### What to produce
Look below for the line containing "2016 Toyota Prius"; write out that line and each one after it to the end, exactly, and nothing else.

### The data
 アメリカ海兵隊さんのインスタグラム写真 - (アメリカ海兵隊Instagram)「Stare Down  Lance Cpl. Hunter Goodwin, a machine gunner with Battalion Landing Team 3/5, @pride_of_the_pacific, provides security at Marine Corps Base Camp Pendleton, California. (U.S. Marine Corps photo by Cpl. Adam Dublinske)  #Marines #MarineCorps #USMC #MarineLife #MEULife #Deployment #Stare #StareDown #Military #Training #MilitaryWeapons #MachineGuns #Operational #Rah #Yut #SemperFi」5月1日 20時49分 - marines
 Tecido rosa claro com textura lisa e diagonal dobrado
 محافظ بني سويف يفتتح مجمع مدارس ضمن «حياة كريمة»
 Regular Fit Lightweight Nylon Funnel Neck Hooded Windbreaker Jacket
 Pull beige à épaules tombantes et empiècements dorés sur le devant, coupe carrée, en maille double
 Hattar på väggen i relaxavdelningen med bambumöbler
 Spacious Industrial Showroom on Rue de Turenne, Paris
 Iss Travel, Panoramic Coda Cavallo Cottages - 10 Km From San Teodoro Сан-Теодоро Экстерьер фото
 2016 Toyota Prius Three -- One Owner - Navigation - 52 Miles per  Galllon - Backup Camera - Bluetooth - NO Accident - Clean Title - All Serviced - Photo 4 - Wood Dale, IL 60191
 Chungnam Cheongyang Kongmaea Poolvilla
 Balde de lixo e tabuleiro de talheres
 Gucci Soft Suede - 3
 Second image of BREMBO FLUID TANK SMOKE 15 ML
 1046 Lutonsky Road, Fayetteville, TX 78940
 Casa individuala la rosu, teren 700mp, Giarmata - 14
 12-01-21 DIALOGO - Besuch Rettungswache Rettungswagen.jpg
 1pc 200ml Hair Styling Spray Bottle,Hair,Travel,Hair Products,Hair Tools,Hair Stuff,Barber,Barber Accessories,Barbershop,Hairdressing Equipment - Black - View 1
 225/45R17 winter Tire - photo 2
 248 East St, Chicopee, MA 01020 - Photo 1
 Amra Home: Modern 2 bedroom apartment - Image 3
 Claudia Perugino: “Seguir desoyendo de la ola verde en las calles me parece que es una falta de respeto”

### Solution for this exercise
 2016 Toyota Prius Three -- One Owner - Navigation - 52 Miles per  Galllon - Backup Camera - Bluetooth - NO Accident - Clean Title - All Serviced - Photo 4 - Wood Dale, IL 60191
 Chungnam Cheongyang Kongmaea Poolvilla
 Balde de lixo e tabuleiro de talheres
 Gucci Soft Suede - 3
 Second image of BREMBO FLUID TANK SMOKE 15 ML
 1046 Lutonsky Road, Fayetteville, TX 78940
 Casa individuala la rosu, teren 700mp, Giarmata - 14
 12-01-21 DIALOGO - Besuch Rettungswache Rettungswagen.jpg
 1pc 200ml Hair Styling Spray Bottle,Hair,Travel,Hair Products,Hair Tools,Hair Stuff,Barber,Barber Accessories,Barbershop,Hairdressing Equipment - Black - View 1
 225/45R17 winter Tire - photo 2
 248 East St, Chicopee, MA 01020 - Photo 1
 Amra Home: Modern 2 bedroom apartment - Image 3
 Claudia Perugino: “Seguir desoyendo de la ola verde en las calles me parece que es una falta de respeto”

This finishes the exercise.